- [EXERCISE GOAL]:
Apart from the pictures, everything in the lines below must be printed exactly.

- [DATA BELOW]:
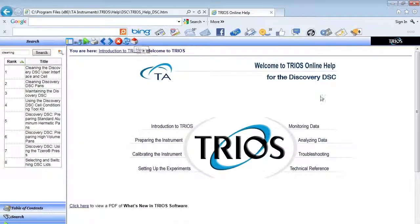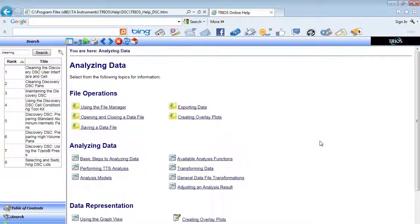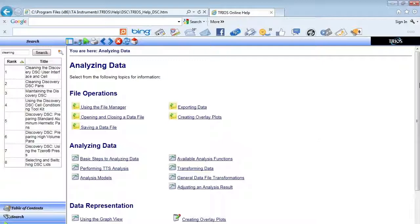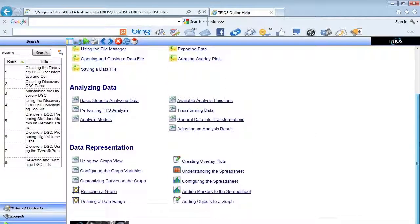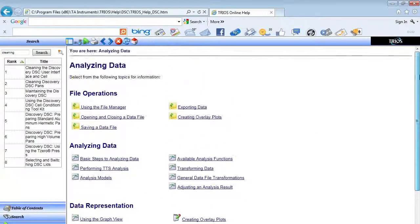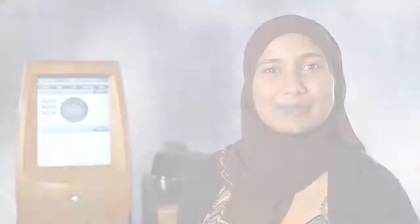Further information regarding data analysis and data representation can also be found in the help topics. With these tools and some practice, you are on your way to becoming a TRIOS expert.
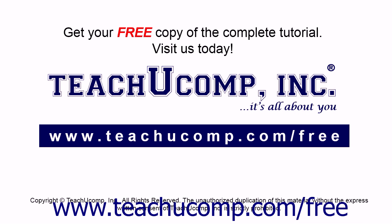Get your free copy of the complete tutorial at www.teachucomp.com forward slash free.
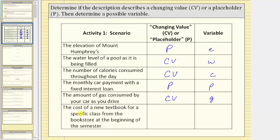Finally, we have the cost of a new textbook for a specific class from the bookstore at the beginning of the semester. Because the cost of the book remains constant or doesn't change, if we use a variable for the cost, it would be a placeholder. As a possible variable, we could use c for cost or t to remind us it's the cost of a textbook — let's use c for cost. I hope you found this lesson helpful.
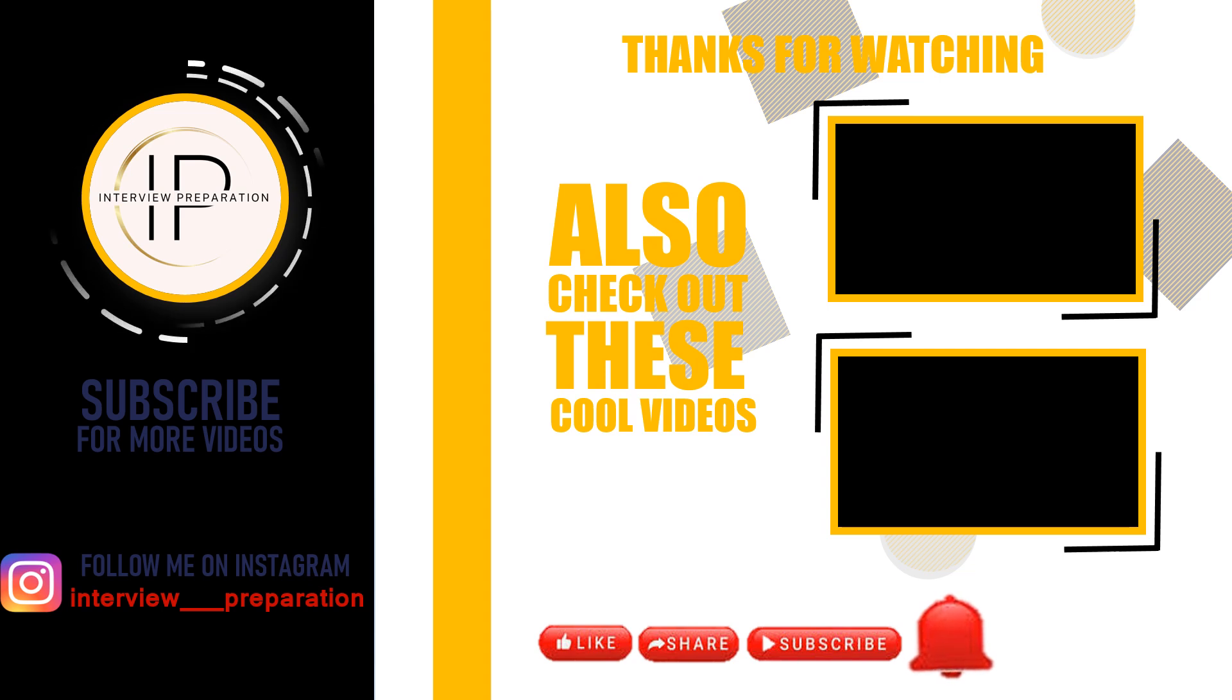If you found the video valuable, we encourage you to subscribe, like, comment and share. By subscribing, you will stay updated with our latest uploads and never miss out on new content that can benefit you.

- [COMPLETED TASK]:
Further information regarding data analysis and data representation can also be found in the help topics. With these tools and some practice, you are on your way to becoming a TRIOS expert.
Get your free copy of the complete tutorial at www.teachucomp.com forward slash free.
Finally, we have the cost of a new textbook for a specific class from the bookstore at the beginning of the semester. Because the cost of the book remains constant or doesn't change, if we use a variable for the cost, it would be a placeholder. As a possible variable, we could use c for cost or t to remind us it's the cost of a textbook — let's use c for cost. I hope you found this lesson helpful.
If you found the video valuable, we encourage you to subscribe, like, comment and share. By subscribing, you will stay updated with our latest uploads and never miss out on new content that can benefit you.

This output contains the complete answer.